A recent ITV Tonight documentary investigated the rise in the number of older and vulnerable people falling victim to theft and fraud crimes. Sofia Tayton, a specialist in Care and Capacity law, reports.

In ‘Fraud: Robbing from the Elderly’, presenter Helen Skelton reported on this worrying trend.

The documentary also explored the use of so-called ‘nanny-cams’ – hidden cameras used to catch thieves who target the elderly.

Amongst the statistics highlighted in the documentary was the number of elderly and vulnerable individuals swindled out of often very significant amounts of money.

Estimates

The charity Action on Elder Abuse estimates that there are 120,000 fraud and personal theft cases affecting over 65’s in England every year.

Meanwhile, social service safeguarding reports show 22,565 cases in 2017/18 of financial/material abuse, affecting mostly elderly people with dementia.

Surprisingly, the perpetrators in many elderly theft cases are not strangers. They are friends, relatives, or carers of the victim.

Some of them are opportunists. They spot a vulnerable elderly individual, and see them as easy prey to con them out of their life savings.

The documentary identified secret filming as one way to catch the perpetrators red handed. Three quarters (75 percent) of the people taking part in a One Poll survey conducted for the programme, said they would secretly film a carer if they had suspicions about them.
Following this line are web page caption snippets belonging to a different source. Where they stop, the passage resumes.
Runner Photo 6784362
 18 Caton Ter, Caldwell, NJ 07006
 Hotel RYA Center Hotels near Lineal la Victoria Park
This survey also found that 85 percent of those questioned feel there should be a specific law to protect the elderly, like there is for children.

In the absence of this sort of protective legislation, there are documents that will help protect people if they become infirm, or lose mental capacity, and need someone to assist them with their finances.

Enduring Powers of Attorney (EPAs) and Lasting Powers of Attorney (LPAs)

It can be a complicated process, with three separate areas to deal with: EPAs, Personal Welfare LPAs and Property and Affairs LPAs. It is vital that professional advice about these documents is sought before they are prepared or registered. There are procedural requirements to follow, and everyone involved must understand their duties and responsibilities.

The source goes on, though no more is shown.